The EPA on Tuesday released its final guidance document for permitting of hydraulic fracturing operations when diesel fuels are added to the fracking fluid. The guidance is intended to be used by EPA permit writers administering the Safe Drinking Water Act’s Underground Injection Control (UIC) Program.  Hydraulic fracturing was exempted from the jurisdiction of UIC in the Energy Policy Act of 2005, except when diesel fuels are used in the process. An interpretive memorandum issued along with the guidance applies the permitting requirements for Class II wells in the UIC program to wells where hydraulic fracturing is used, but also gives permit writers discretion to use alternative approaches that are consistent with regulatory and statutory requirements.

The guidance was criticized by industry and state officials because it is duplicative of effective state regulation of the practice, and unnecessary because diesel fuel had already been largely phased out of use in hydraulic fracturing operations. Industry officials have indicated that it would be possible for them to avoid using diesel fuels altogether in fracking fluids, but that the overly broad definition of “diesel fuels” used in the guidance precludes this. The EPA concurred that diesel fuels are used in a relatively small proportion of hydraulic fracturing wells, and less than 2% of wells were found to have used them in the agency’s review of FracFocus.

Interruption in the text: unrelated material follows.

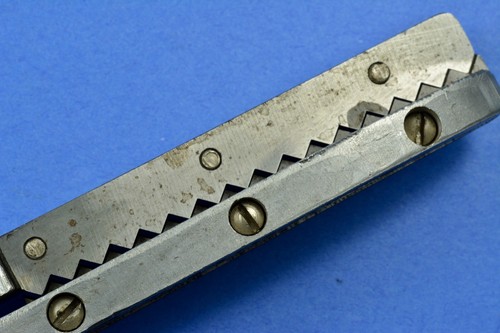 Vintage J Wiss & Sons "Model A" Pinking Shears, Adjustable Heavy Duty - 1934 - Picture 10 of 10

The definition of “diesel fuels” used in the guidance is based on Chemical Abstracts Service (CAS) registry numbers that encompass similar materials known as automotive diesel fuels, catalytic cracker feedstock, distillate fuel oils, heating oil, jet fuel, kerosene, marine diesel fuels, and No. 4 fuel oil. The registry numbers for these substances are CAS 68334-30-5, CAS 68476-34-6, CAS 68476-30-2, CAS 68476-31-3, and CAS 8008-20-6. Several environmental groups were advocating for exceptionally broad definitions of diesel fuels to essentially encompass all petroleum distillates.

The guidance did not include any “de minimis” limit on applicability. The lack of a de minimis threshold is significant as it could potentially be used by aggressive permit writers to require UIC permitting for trace levels of diesel not intentionally added to the hydraulic fracturing fluid.